It is a strange thing to reflect on a day when so many lives
were lost and so many people who survived lost so much. There is a feeling of
gratefulness for being alive and for not having lost anyone who was near to me
in any way. But there is a feeling of the sadness for all of those lives lost,
a grief that is collective for everyone who is grieving. We are not promised
tomorrow, and a time like this is a reminder that every day and every moment of
life is a gift.
There are so many dreams and visions that the Lord has put
on my heart, and I can be so impatient with waiting for them to come true that
I forget to enjoy the moments that I have because I am waiting for the moments
that I want to come. I have always had that kind of impatience, even before I
was born again when the dreams were much smaller and the visions much simpler.

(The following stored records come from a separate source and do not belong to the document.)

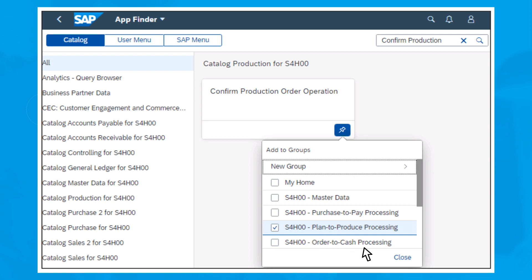When you're done, click the Close button. You've now successfully moved the tile or removed it completely from your SAP Fiori Launchpad homepage.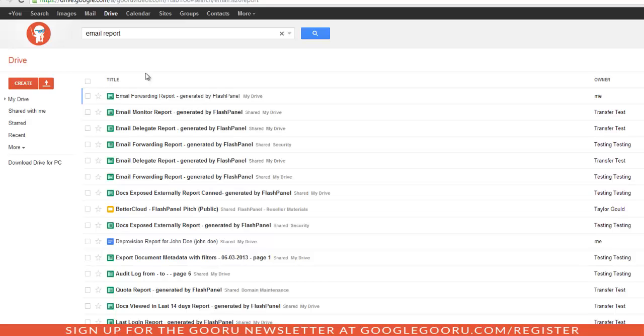Finding the exact report I'm looking for is going to be really hard, so what I can do is add a description to the file and it will be easier to search in the future. I'll select the file I want to add a description to.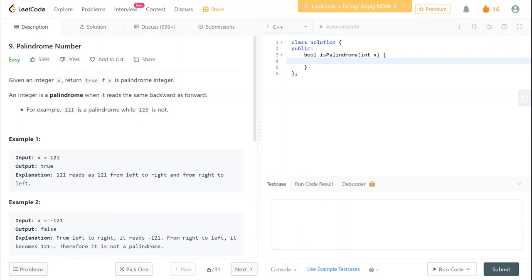Hello everyone. In this video I am going to solve the problem 'Palindrome Number': given an integer x, return true if x is a palindrome integer. An integer is a palindrome when it reads the same backward as well as forward. For example, 121 is a palindrome because it is the same forward and backward, whereas 123 is not because forward it is 123 whereas backward it is 321.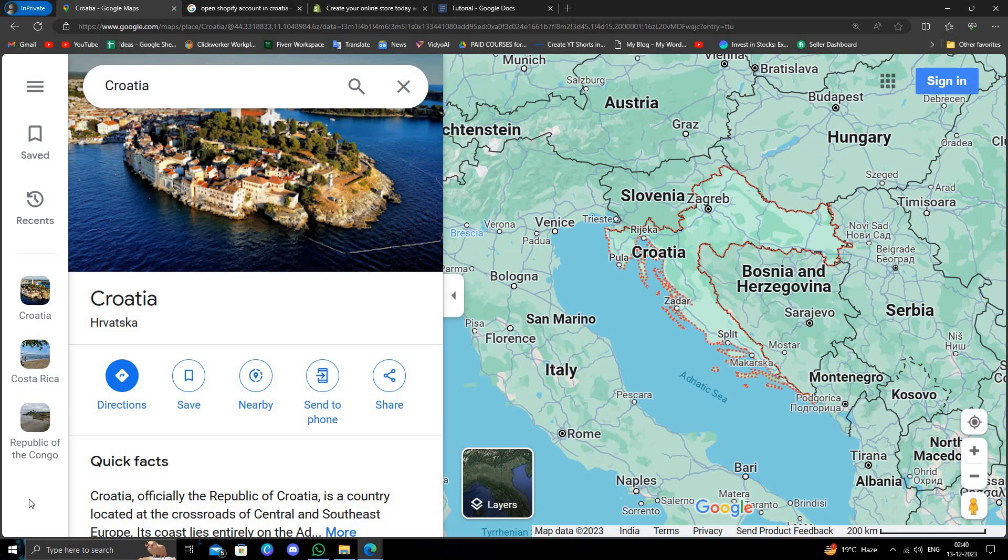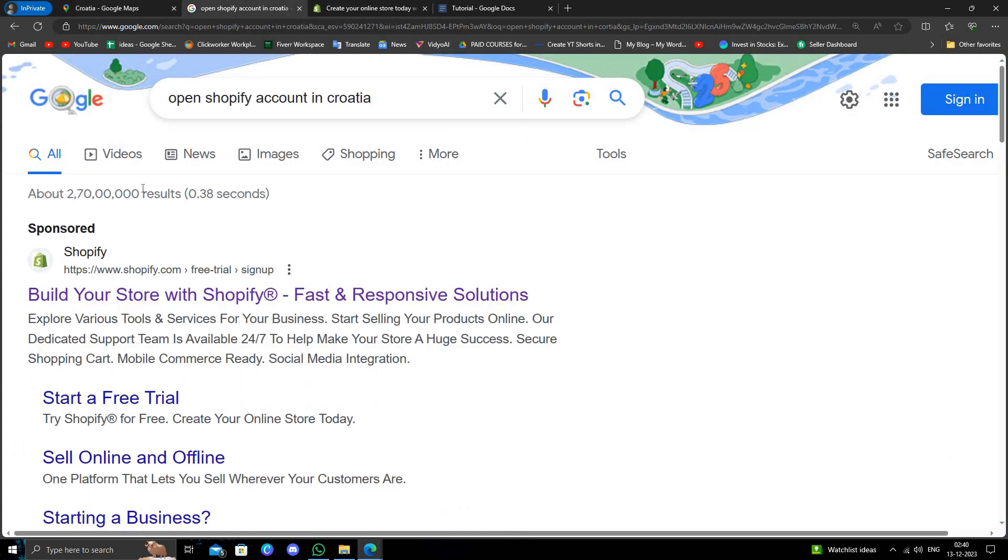Hello and welcome back to my channel. In today's video, I will show you how to open a Shopify account from Croatia. So let's get started. Here we'll just go to google.com and we'll directly search for Shopify account in Croatia.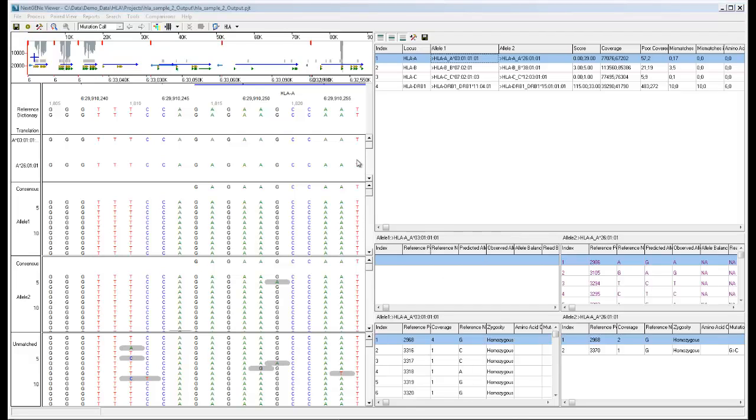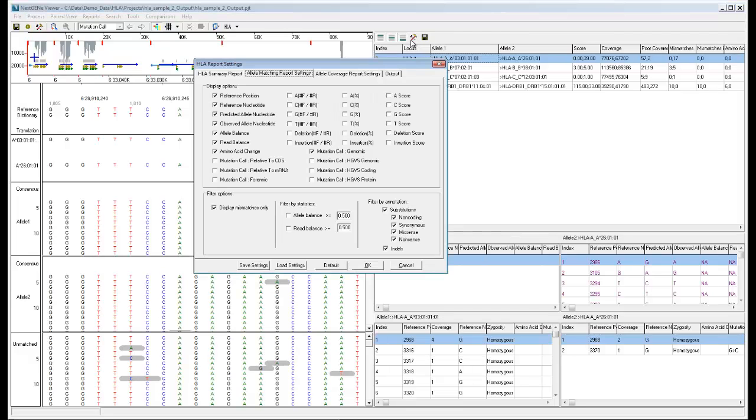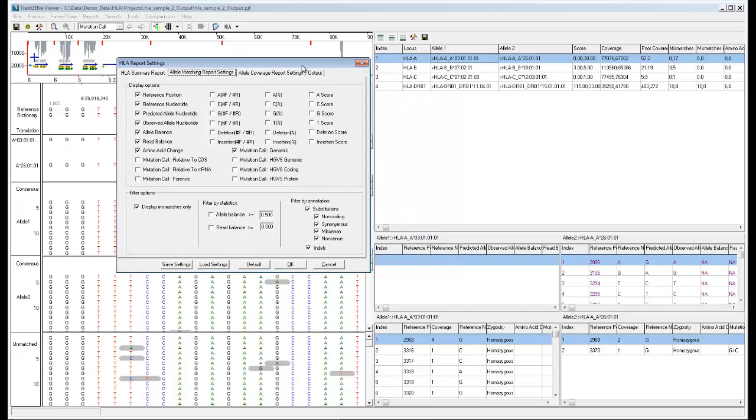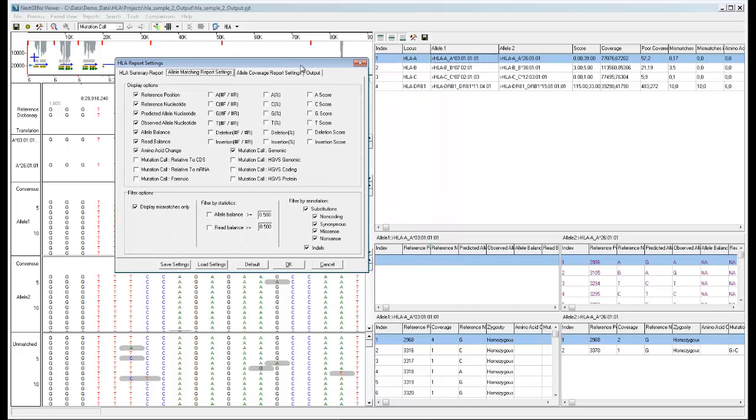You can click the settings icon to view the settings for the HLA report. The settings dialog includes a tab for each part of the HLA report.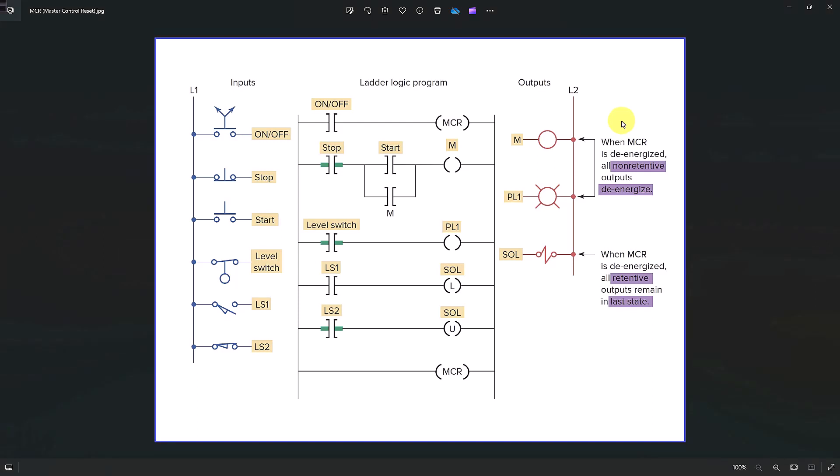Hello, today I am going to discuss MCR or Master Control Reset instructions in Allen Bradley PLC ladder logic programming. First thing first, what is MCR?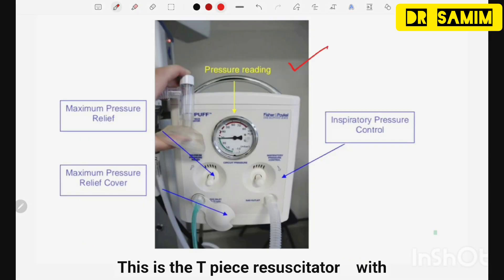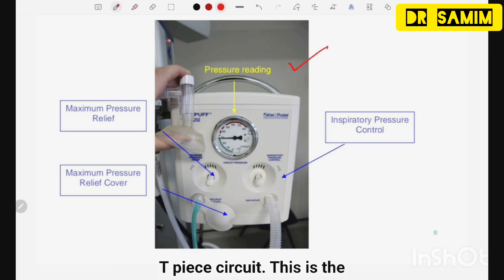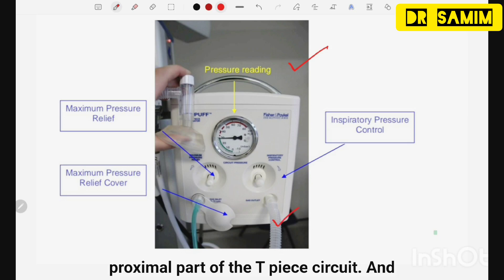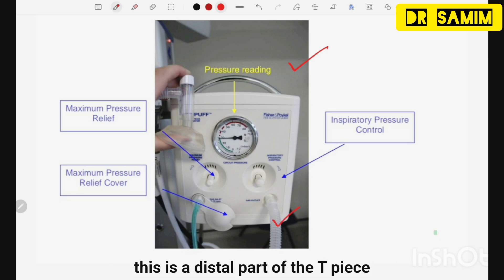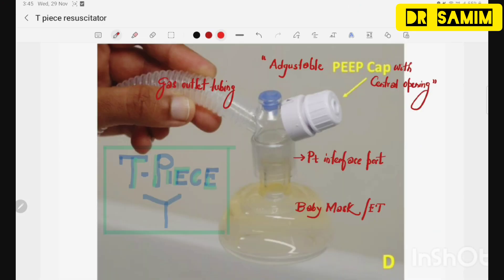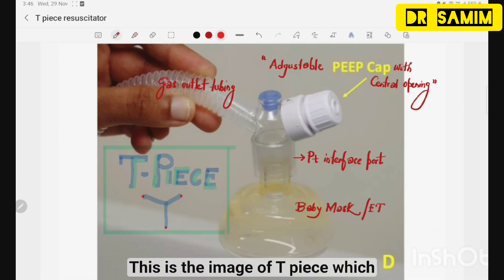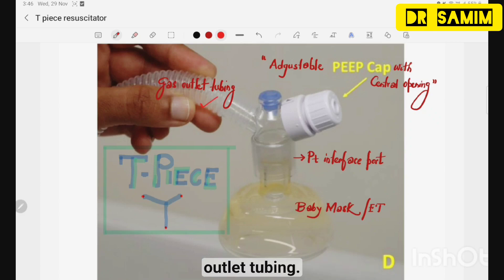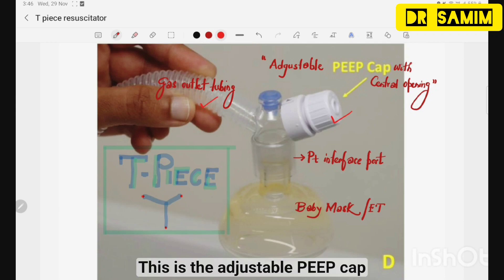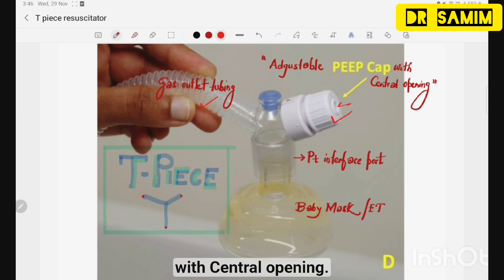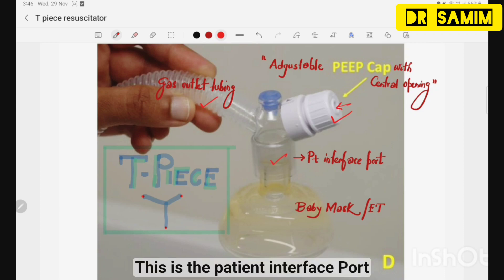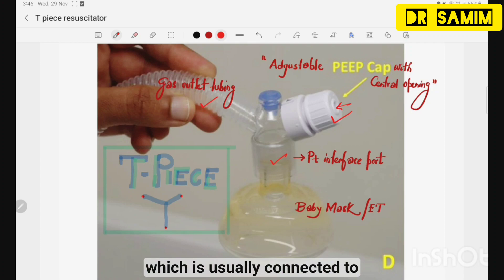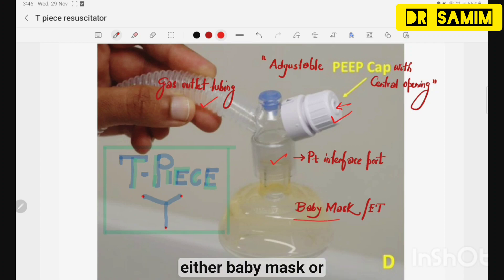This is the TPS resuscitator with the TPS circuit. This is the proximal part of the TPS circuit and this is the distal part. The TPS circuit has three parts: the gas outlet tubing, the adjustable PIP cap with central opening, and the patient interface port, which is usually connected to either a babymax mask or an endotracheal tube.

I remember one summer before I was moving to New York, when I had the
opportunity to be a counselor at what had been my favorite summer camp for chamber music, which meant that I had a scholarship to go for free. After that I
was teaching at a private summer school, making some much needed money so that I
could make the move. The summer camp was in the White Mountains of New
Hampshire, one of the best vacation spots in the North East, and as a counselor
I’d have much more freedom and opportunity than I ever had as a younger camper –
and it would cost me nothing to be there, in a place where I loved to be, doing
something I loved to do. The private school was a very wealthy one, and I was
teaching language and literature, two of my favorite subjects, and I was an
associate teacher so the job was not hard at all. We had all kinds of lavish faculty
parties and special events with shrimp cocktail and other delicious food all
the time. Both opportunities were gifts, but I couldn’t wait to go to New York,
and I felt restless and impatient and dissatisfied the entire time. Now that I
have dealt with some real problems in my life, I wonder how I would respond to
those places were I to go back there again in time.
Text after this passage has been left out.